Task to complete: Copy out exactly the lines spanning the line with "Vetmor Portable Mesh" to the line with "Handcrafted resin Elephant Figurine.", inclusive, from the data underneath, with no pictures.

** Excerpted records follows **

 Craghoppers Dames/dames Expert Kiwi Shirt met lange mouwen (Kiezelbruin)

** End of Excerpted records **
** Excerpted records follows **

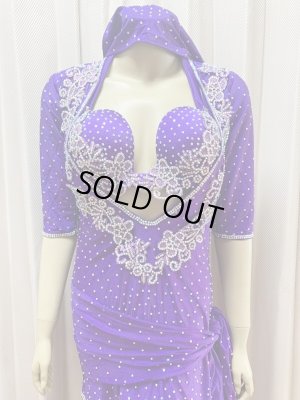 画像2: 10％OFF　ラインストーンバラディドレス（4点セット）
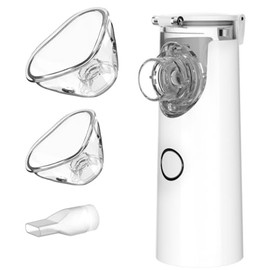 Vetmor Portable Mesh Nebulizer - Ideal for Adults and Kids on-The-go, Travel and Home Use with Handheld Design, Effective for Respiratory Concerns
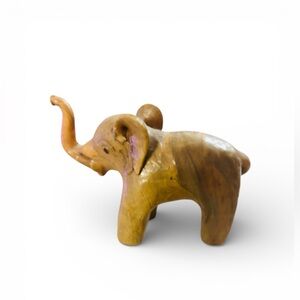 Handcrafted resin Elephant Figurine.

** End of Excerpted records **

Task result:
 Vetmor Portable Mesh Nebulizer - Ideal for Adults and Kids on-The-go, Travel and Home Use with Handheld Design, Effective for Respiratory Concerns
 Handcrafted resin Elephant Figurine.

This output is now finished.